AIM OF THE EXERCISE: Collect every line in the records below that contains the word "Photo".

※

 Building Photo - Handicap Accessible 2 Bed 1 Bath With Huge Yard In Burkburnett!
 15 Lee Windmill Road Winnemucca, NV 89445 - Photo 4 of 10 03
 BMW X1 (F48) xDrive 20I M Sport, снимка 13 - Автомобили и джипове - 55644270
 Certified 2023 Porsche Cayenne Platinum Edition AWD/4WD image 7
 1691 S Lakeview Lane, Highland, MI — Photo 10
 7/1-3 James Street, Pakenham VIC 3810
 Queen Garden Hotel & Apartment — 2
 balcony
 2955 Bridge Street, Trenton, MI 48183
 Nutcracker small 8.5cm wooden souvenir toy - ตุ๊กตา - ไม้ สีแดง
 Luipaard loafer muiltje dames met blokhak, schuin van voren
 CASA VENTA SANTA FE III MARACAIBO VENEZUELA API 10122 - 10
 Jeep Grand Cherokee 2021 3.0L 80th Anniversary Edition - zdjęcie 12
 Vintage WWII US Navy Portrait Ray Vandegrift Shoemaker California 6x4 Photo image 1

※

ANSWER SECTION:
 Building Photo - Handicap Accessible 2 Bed 1 Bath With Huge Yard In Burkburnett!
 15 Lee Windmill Road Winnemucca, NV 89445 - Photo 4 of 10 03
 1691 S Lakeview Lane, Highland, MI — Photo 10
 Vintage WWII US Navy Portrait Ray Vandegrift Shoemaker California 6x4 Photo image 1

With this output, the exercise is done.